Qu’on l’adore ou qu’on la déteste, qu’on la pleure ou qu’elle nous ait fait pleurer, la mère est un sujet inépuisable de la littérature. Robert Lalonde a souvent parlé de son père dans ses romans. Cette fois, il donne la parole à sa mère. Presque toute la parole. C’est le cœur qui meurt en dernier est écrit sous la forme de dialogues dans lesquels le fils n’arrive pas à placer un mot devant cette mère qui prend toute la place. Il lui aura fallu presque 40 ans pour trouver l’angle qui allait lui permettre d’aborder le sujet sans faire dans le règlement de comptes. « J’ai de la difficulté avec les romans qui remettent en scène le passé en attribuant les torts et les vertus. Moi, je veux voir, je veux entendre. »

Et dans ce roman, on n’entend qu’elle, jusqu’à son dernier souffle. Elle a quelque chose de monstrueux, de terrible, cette femme qui enferme son entourage dans son insatisfaction chronique. « Ma mère était une espèce de Joan Crawford dont le film n’a pas été tourné, qui était prise elle-même avec l’impression constante qu’elle menait une vie qui n’était pas faite pour elle, décrit Robert Lalonde. Ce n’était pas uniquement son cas à elle, beaucoup de femmes de cette génération ont vécu comme ça. »

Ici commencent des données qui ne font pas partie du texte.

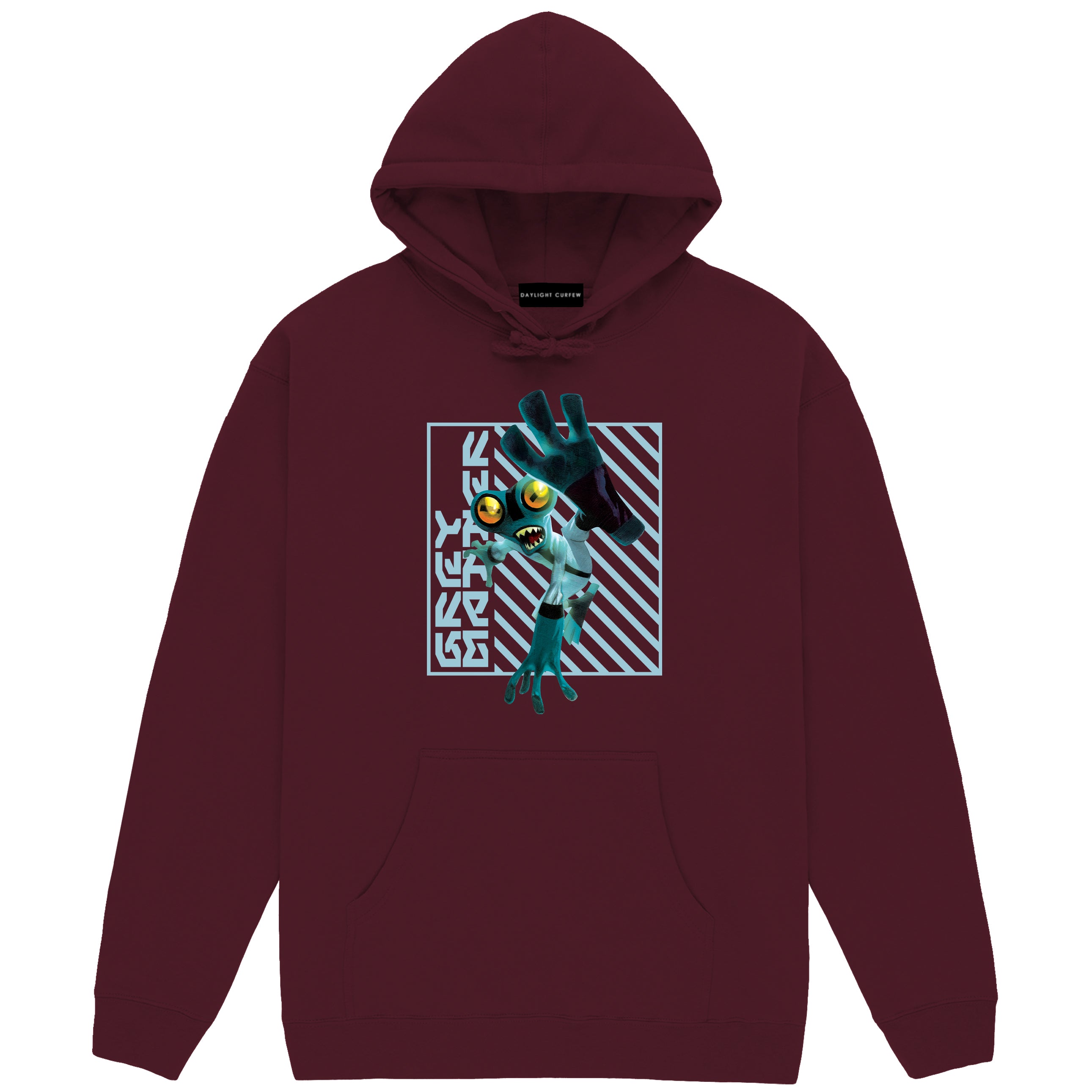 Grey Matter Hoodie Ð Hoodie product image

Robert Lalonde sourit. Parfois, il rigole doucement à certains souvenirs. Contrairement à ce que l’on pourrait croire, il est en paix avec sa mère et son passé, sinon, il n’aurait pas pu écrire ce récit qui lui a donné beaucoup de plaisir. Il estime avoir eu la chance de faire le tour d’à peu près toutes les questions avec elle, puisqu’elle est morte à 94 ans. Cette femme, qui carbure à la peur, au pessimisme, qui râle tout le temps, dans un langage coloré et toujours exagéré, il la trouve drôle, en fait. « Le prodige de ma relation avec elle, c’est qu’elle n’est pas disparue tôt. Elle avait beaucoup d’ironie vers la fin, tout en étant impitoyable sur plein de choses. Elle était drôle, démesurée, elle jouait un rôle de composition remarquable. En même temps, je trouvais ça étrange et inattendu, cette résilience, cette santé dans cette récrimination où elle était. »

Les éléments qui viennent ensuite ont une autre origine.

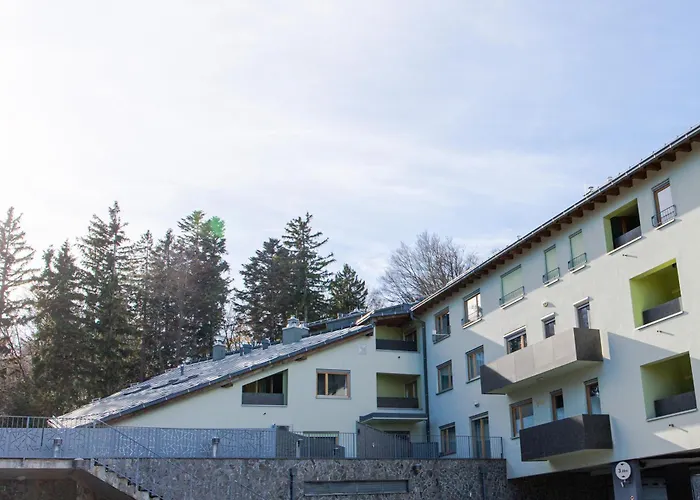 - Golden Fox 18 - Pohorske Terase Apartment Hocko Pohorje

L’image de la reine ou de la princesse déchue traverse le roman, et on lui demande ce que cela fait à un enfant de grandir avec cette idée d’avoir pratiquement causé la perte de sa mère. « On développe l’impression que, si on n’avait pas été là, elle aurait pu avoir une autre vie. C’est une affaire que je partage avec beaucoup d’hommes de mon âge. Ce qui est fascinant, c’est la lucidité qu’elle avait sur elle-même. On ne pouvait rien lui révéler, elle répondait : “Je l’sais.” On ne pouvait la découdre nulle part, elle tenait le fil de son existence de victime parfaitement. » Tout de même, se faire dire à répétition par sa mère qu’elle n’était pas faite pour être mariée, qu’elle n’était pas faite pour avoir des enfants, c’est difficile, non ? « C’est dur, oui. Mais c’était vrai. »

LE REFUS DU CHAGRIN

Robert Lalonde n’est pas dupe de son héritage trouble, entre sa mère insatisfaite et son père qui a eu envers lui des gestes sexuels déplacés. Cela est évoqué dans un moment saisissant du roman, où la mère, sous médication, laisse entendre qu’« elle savait ». Il n’a jamais eu peur d’affronter la réalité. « Tout aurait pu m’abattre, dit-il. J’ai réussi à garder ce qu’il y avait de bon. Je crois que j’ai admis le plus dur très jeune et décidé que ça ne pouvait pas me définir. J’ai trouvé des solutions créatives à des choses qui auraient pu m’amener dans des abîmes considérables. Wajdi Mouawad m’a dit un jour que j’avais l’intelligence des gens qui refusent le chagrin… »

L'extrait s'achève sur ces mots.